• _What is required_:
Give back the listing in full and exactly, leaving out the images.

======== The records ========

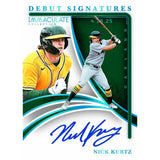 2026 Panini Immaculate Baseball Hobby Box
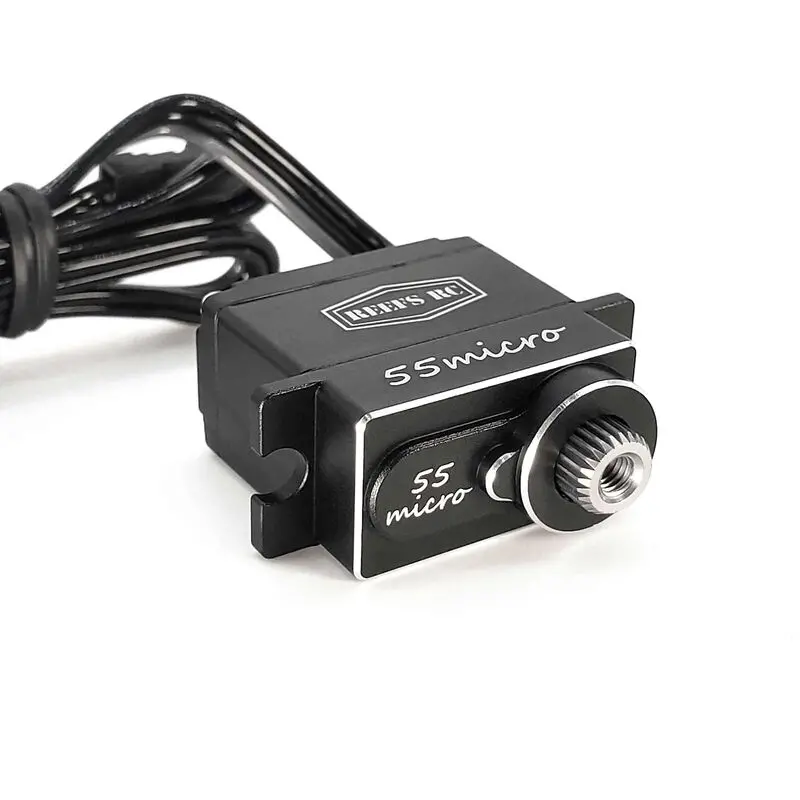 Reefs Rc 55Micro Servo, Programmable   (Sehreefs171) 1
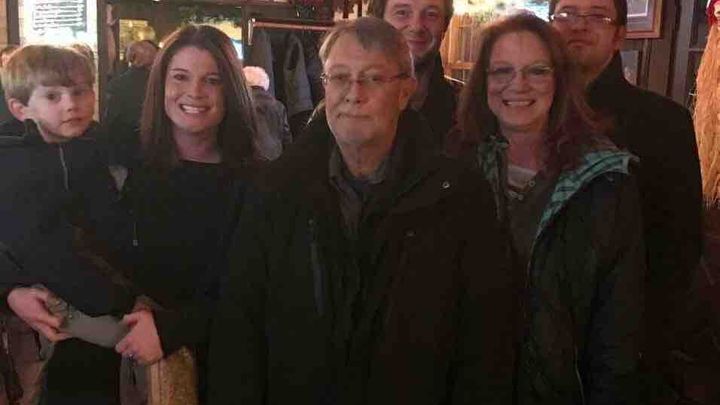 Main fundraiser photo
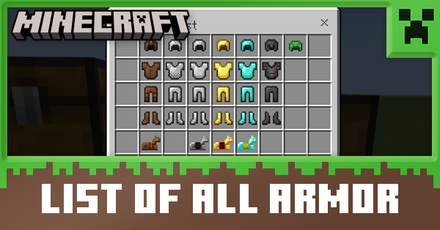 MC - List of All Armor Banner.png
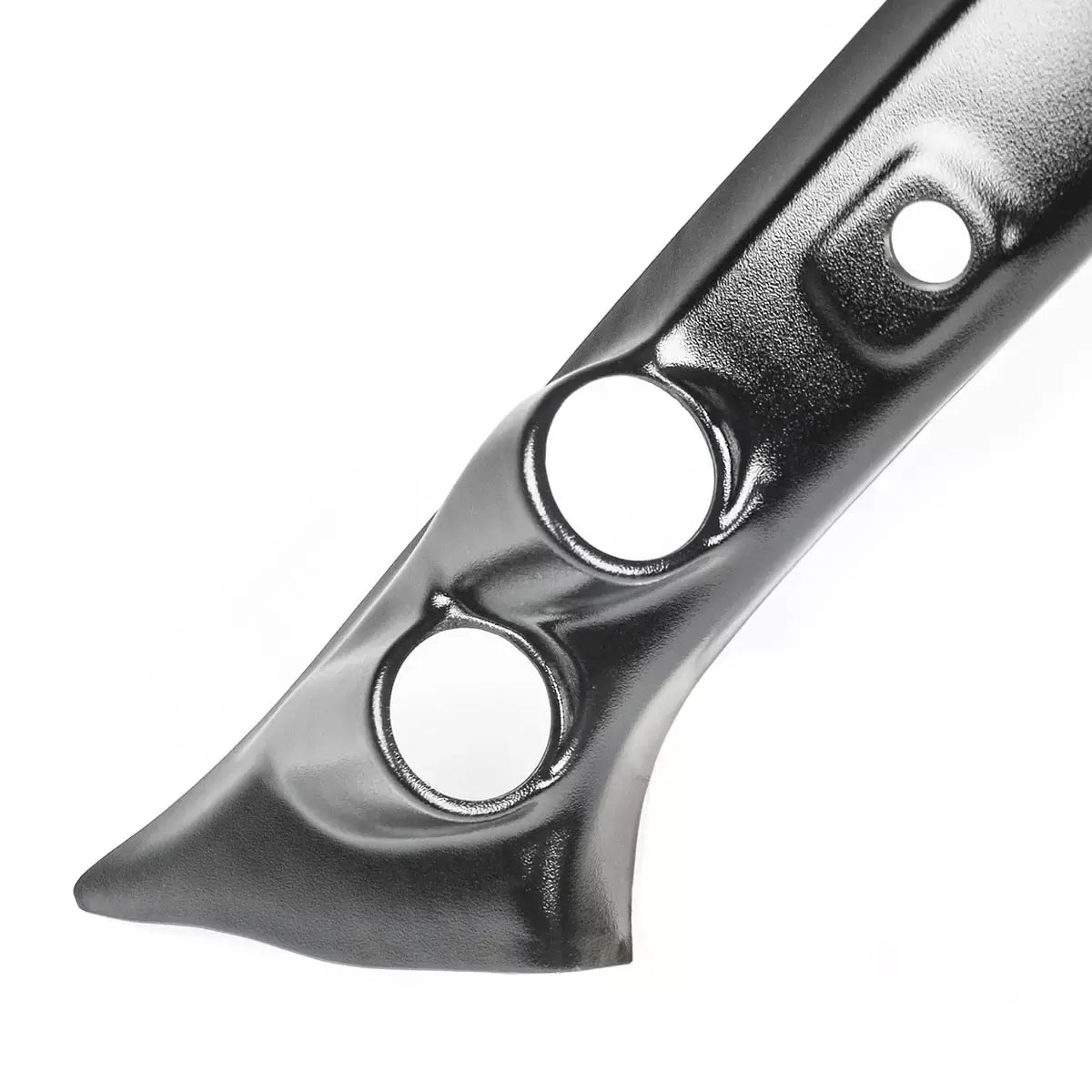 SAAS Gauge Pillar Pod Toyota Hilux 2015 - GUN N80 Single Piece SGP1103S - view 3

========

• _Completed exercise_:
 2026 Panini Immaculate Baseball Hobby Box
 Reefs Rc 55Micro Servo, Programmable   (Sehreefs171) 1
 Main fundraiser photo
 MC - List of All Armor Banner.png
 SAAS Gauge Pillar Pod Toyota Hilux 2015 - GUN N80 Single Piece SGP1103S - view 3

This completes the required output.